Ils n'estoient ny amis l'un de l'autre, ny amis à eulx-mêmes.

Montaigne.

Mme d'Arsemar avait la voix fort belle, et la musique était à peu près sa seule passion sincère. Au piano, devant ces pages tachées de points noirs et coupées de lignes, elle reprenait vraiment son âme féminine, et savourait l'unique jouissance, encore profonde, qui demeurât possible à cette désorientée: souvent elle s'enfermait chez elle pour jouer ses mélodies favorites; elle oubliait et s'abandonnait; c'était comme une régénération: elle en sortait naturelle et meilleure: pour peu de temps.

En cet art seul aussi elle avait avec Pierre une vibration commune: Rubinstein, Beethoven, Berlioz, Wagner étaient leurs auteurs préférés; Chopin par-dessus tous. Ils passaient, le soir, de longues heures à chanter. Desreynes tournait les pages: il avait de longtemps appris ce rôle nécessaire à ses bonnes fortunes, et personne ne savait mieux que lui cambrer les reins au rebord d'un piano, poser le coude sur la tablette, et sourire d'approbation. Au fond, il n'avait de la musique qu'une demi-compréhension, ne le cachait point, et se permettait même un peu de dédain pour la mélomanie affectée de notre siècle. Il disait, en se levant de table:

—N'allons-nous pas verser quelque bon flot de mélodie?

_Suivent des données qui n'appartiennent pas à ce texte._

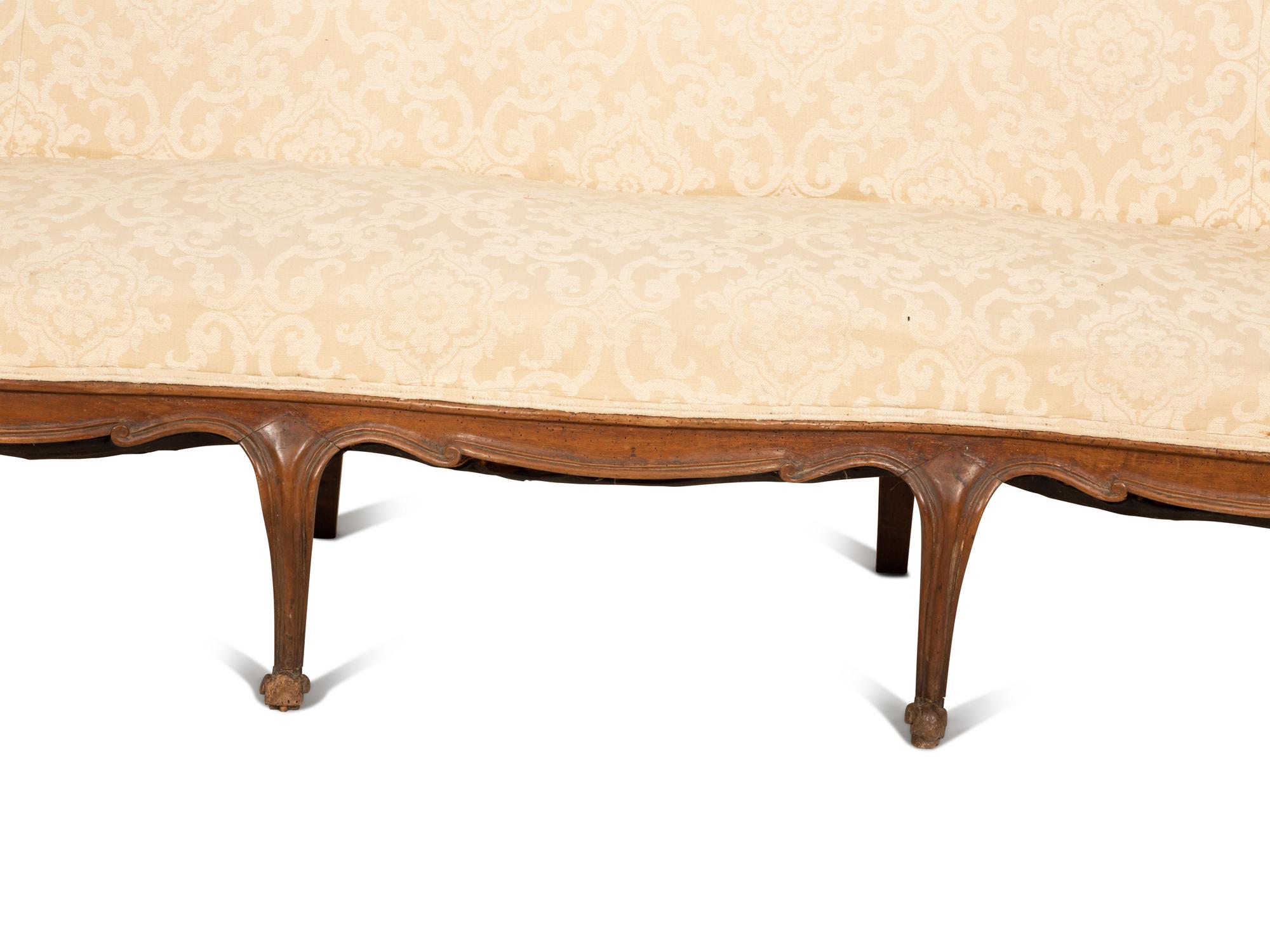 A Venetian Style Walnut Sofa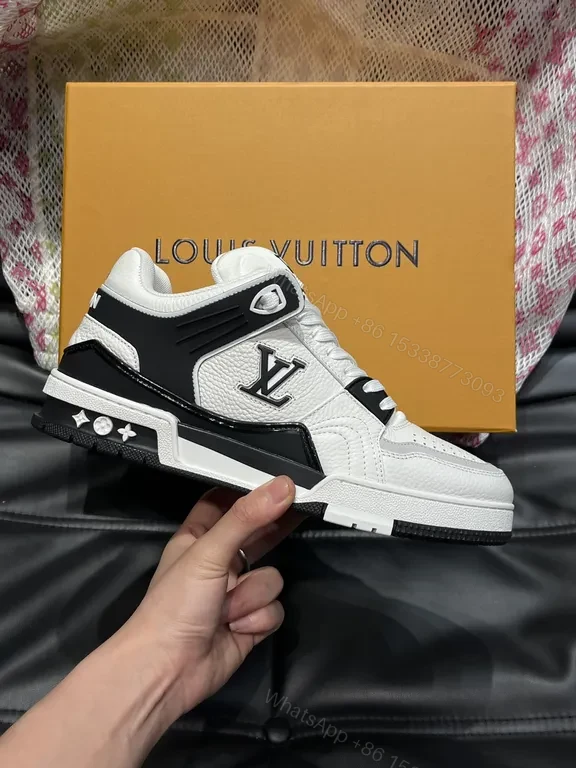 View 8 of White Leather High-Top Sneakers with LV Branding and Visible Hardware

Merizette le battait, indignée de l'irréligion.

—Notre époque a inventé ce culte: c'est un plaisir de névropathes.

Il insistait:

—Que la musique soit le premier des arts sensitifs, je le veux bien, mais c'est le dernier des arts intellectuels. La double preuve, c'est qu'il est le mieux compris des femmes.

Et Jeanne le battait encore, pour défendre son sexe. Elle le poursuivait à travers le salon, et leurs courses bousculaient les sièges.

—Voilà comment j'aime le bruit, criait Georges, celui-là ne veut rien prouver. Fi de vos compositeurs qui font rouler le char du rêve sur le pavé des bonnes intentions!…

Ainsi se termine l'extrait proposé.